In a recent study Aveeno’s Johnson and Johnson Skin Research Center, 45 days of treatment with 1 percent feverfew PFE—Aveeno Daily Moisturizer Ultracalming—improved mild inflammatory rosacea by inhibiting the release of inflammatory markers from activated lymphocytes and reducing neutrophil chemotaxis.13 It is these immunomodulating properties that suggest feverfew PFE may be a useful treatment for rosacea. Because parthenolide is a potent skin sensitizer, Johnson &Johnson developed a PFE of feverfew. PFE-feverfew directly inhibited the activity of the pro-inflammatory enzymes 5-lipoxygenase, phosphodiesterase-3 and phosphodiesterase-4 and inhibited the release of the pro-inflammatory mediators nitric oxide, PGE(2) and TNF-alpha from macrophages, and TNF-alpha, IL-2, IFN-gamma and IL-4 from human peripheral blood mononuclear cells. Additionally, PFE-feverfew inhibited release of PGE(2) from human skin equivalents, and in vivo, inhibited dermatitis. The efficacy of PFE-feverfew was also confirmed clinically by a reduction in erythema in a vasodilatation model.

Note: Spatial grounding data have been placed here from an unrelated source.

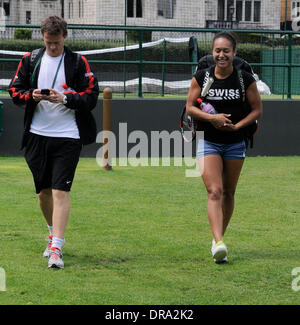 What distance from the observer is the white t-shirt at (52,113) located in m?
6.23

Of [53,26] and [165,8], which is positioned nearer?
[53,26]

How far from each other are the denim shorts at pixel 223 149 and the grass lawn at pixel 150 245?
0.87 metres

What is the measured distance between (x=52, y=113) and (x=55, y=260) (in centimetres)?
120

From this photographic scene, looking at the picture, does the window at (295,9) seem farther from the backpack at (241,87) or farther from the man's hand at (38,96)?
the man's hand at (38,96)

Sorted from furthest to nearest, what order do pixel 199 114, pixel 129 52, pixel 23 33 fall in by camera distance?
pixel 129 52 → pixel 23 33 → pixel 199 114

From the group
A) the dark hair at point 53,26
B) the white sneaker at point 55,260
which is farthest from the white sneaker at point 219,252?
the dark hair at point 53,26

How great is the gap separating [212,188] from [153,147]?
823 cm

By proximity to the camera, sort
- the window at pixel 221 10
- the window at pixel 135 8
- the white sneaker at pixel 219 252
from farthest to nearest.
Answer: the window at pixel 221 10, the window at pixel 135 8, the white sneaker at pixel 219 252

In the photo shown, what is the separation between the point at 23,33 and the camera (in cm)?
1552

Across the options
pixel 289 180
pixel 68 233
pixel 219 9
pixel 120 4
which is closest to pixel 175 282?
pixel 68 233

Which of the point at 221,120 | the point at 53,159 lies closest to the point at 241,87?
the point at 221,120

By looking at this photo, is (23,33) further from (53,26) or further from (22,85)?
(53,26)

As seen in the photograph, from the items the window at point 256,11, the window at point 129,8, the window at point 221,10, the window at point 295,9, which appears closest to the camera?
the window at point 129,8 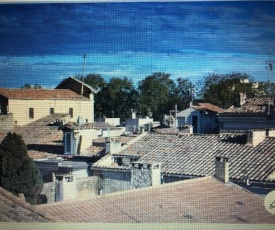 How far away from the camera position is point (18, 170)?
3666 millimetres

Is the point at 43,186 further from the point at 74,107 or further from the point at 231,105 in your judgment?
the point at 231,105

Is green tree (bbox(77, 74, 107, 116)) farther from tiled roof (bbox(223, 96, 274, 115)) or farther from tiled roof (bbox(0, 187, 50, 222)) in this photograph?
tiled roof (bbox(223, 96, 274, 115))

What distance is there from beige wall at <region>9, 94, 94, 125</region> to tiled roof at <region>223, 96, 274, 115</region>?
5.86ft

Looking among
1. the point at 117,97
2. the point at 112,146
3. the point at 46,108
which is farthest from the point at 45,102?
the point at 112,146

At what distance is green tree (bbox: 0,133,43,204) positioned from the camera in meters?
3.44

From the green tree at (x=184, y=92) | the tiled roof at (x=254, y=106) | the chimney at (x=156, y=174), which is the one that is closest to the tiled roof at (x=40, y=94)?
the green tree at (x=184, y=92)

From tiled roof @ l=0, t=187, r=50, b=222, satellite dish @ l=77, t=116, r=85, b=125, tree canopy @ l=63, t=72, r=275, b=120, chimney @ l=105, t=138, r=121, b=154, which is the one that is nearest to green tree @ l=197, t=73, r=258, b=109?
tree canopy @ l=63, t=72, r=275, b=120

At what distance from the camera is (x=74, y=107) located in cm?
472

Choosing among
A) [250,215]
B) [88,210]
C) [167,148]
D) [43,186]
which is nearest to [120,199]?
[88,210]

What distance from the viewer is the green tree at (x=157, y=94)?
131 inches

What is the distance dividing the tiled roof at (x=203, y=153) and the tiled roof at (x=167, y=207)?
0.56 metres

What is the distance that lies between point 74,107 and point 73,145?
1.38ft

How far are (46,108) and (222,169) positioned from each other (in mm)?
1679

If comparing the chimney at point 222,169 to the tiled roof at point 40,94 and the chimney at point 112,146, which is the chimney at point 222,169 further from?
the tiled roof at point 40,94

Feverfew has been used for more than just rosacea, including skin cancer prevention.14 For daily skin care, ingredients such as feverfew are good choices for gentle cleansing and moisturizing of dry, sensitive skin, whether Caucasian skin or skin of color.15

Avoid feverfew if you are pregnant or nursing. Do not use on children younger than 2 years of age. There are also case reports that topical creams containing feverfew may cause allergic contact dermatitis. And feverfew should also be avoided if an allergy to chamomile, yarrow or ragweed is present because feverfew is similar to these plants and will probably result in an allergic reaction also.16

Feverfew, the “fever reducer", works beneficially on skin as an anti-inflammatory against rosacea and other skin inflammatory conditions.